9 de maio de 2014

Água minério abaixo - Colônia de exploração

Maíra Gomes
Açucena (MG)

Oito projetos de minerodutos assombram Minas Gerais. Três deles já estão em operação, e levam os minérios de Mariana até o Espírito Santo, de propriedade da Samarco e Vale. Outro, da Anglo America, em fase de obras, liga o município de Conceição do Mato Dentro ao Rio de Janeiro.

“Um estudo mostrou que com a água usada em cinco minerodutos dava para abastecer em média 40% da Região Metropolitana de Belo Horizonte (RMBH). Com os oito projetos em discussão no estado, possivelmente se poderia abastecer toda a RMBH, que tem 5 milhões de habitantes”, compara Luiz Paulo Guimarães de Siqueira, do Movimento dos Atingidos pela mineração e da Campanha pelas águas e contra o mineroduto da Ferrous.

Ele afirma que o modelo de mineração na lógica de exportação dos minérios in natura não traz nenhum benefício à população. “Levam nossas riquezas embora e deixam o rastro de destruição pra traz”, diz. O militante aponta que com a cobrança de apenas 2% dos royalties para o Estado, o povo mineiro fica 98% mais pobre a cada dia.

Município revoga autorização ambiental e dá exemplo para outros da região

Quatro estão em fase de licenciamento, com destino ao Espírito Santo, onde serão construídos portos para escoamento dos minérios para o exterior. Um deles, da empresa Sul Americana Metais (SAM), coloca em risco a já pouca água do Norte de Minas. Outros dois são projetos da empresa Ferrous, que juntos devem levar 265 milhões de toneladas por ano de minérios do estado. O último é o caso da empresa Manabi, que deve fazer o escoamento de minérios explorados na cidade de Morro do Pilar, em Minas, até Linhares, no Espírito Santo, em 530 km, impactando 23 municípios.

A prefeita de Açucena, uma das cidades impactadas, Darcira de Souza Pereira (PT) conta que nunca tinha ouvido falar do empreendimento quando a empresa entrou em contato para pedir a assinatura da anuência. “A Manabi já havia deixado um modelo pronto, inclusive com um ‘xizinho’ para eu assinar. Descobrimos que já haviam feito sondagem em diversas partes da cidade e até mesmo negociações com proprietários rurais por onde deve passar o mineroduto”, conta.

A decisão da prefeita surpreendeu muita gente. Além de não assinar a anuência, ela decidiu revogar a declaração já aprovada. A resposta da empresa foi imediata, pressionando para que a gestora reverta sua decisão. “Não é fácil, sinto pressão de todos os lados. O que tenho observado é que a empresa tem uma lógica muito violenta de assédio”, avalia Darcira.


Armadilhas e exemplo

Atualmente a empresa busca a licença prévia, junto ao Ibama, já que o empreendimento cortaria dois estados do país. Para que seja aprovado o Estudo de Impactos Ambientais (EIA/RIMA) que conquista a licença, é necessário que todos os municípios afetados entreguem dois documentos: a Declaração de conformidade com o Uso e Ocupação do Solo e a Declaração de Anuência.

Darcira se atenta às armadilhas colocadas por essas obras, que trazem a promessa de empregos e desenvolvimento. “Há uma ilusão temporária de crescimento, mas com o fim das obras ficam os problemas. O que gera é violência, aumento da prostituição, uso de drogas e crianças sem pais”, diz. Ela avalia que pequenos municípios não estão preparados para receber um grande contingente de trabalhadores, com pouca estrutura de políticas públicas como moradia, saúde e educação.
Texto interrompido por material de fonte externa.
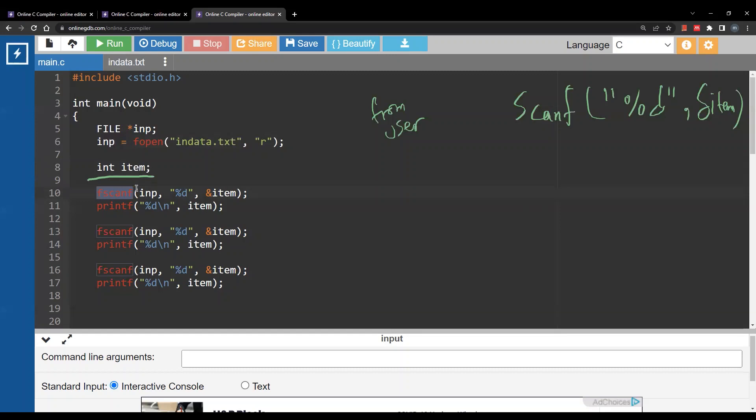Assume here we have item as an integer variable just like in the code. So I am telling the compiler basically read something from the user, read an integer from the user, store it inside item.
A atitude da prefeita de Açucena ecoou por outros municípios afetados pelo empreendimento da Manabi e outros locais vítimas de projetos de mineração. “É uma luta muito ampla, contra um inimigo muito grande, de R$ 5 bilhões, que é o custo total do empreendimento. Precisávamos lançar mão de todas as forças possíveis”, declara Sammer Siman, militante das Brigadas Populares, movimento que acompanha a luta desde o início.

O caso de Açucena foi debatido no Seminário “Mineração: Qual o custo para Açucena, a bacia do Santo Antônio e o Brasil?”, nos dias 26 e 27 de abril. “O que se espera é que a articulação toque outras prefeituras para tomarem a mesma atitude [da prefeita de Açucena] e que a articulação pressione os governos federal e estadual para que barrem o mineroduto da Manabi”, avalia Sammer. Outro seminário será realizado no mês de julho, na cidade de Ferros.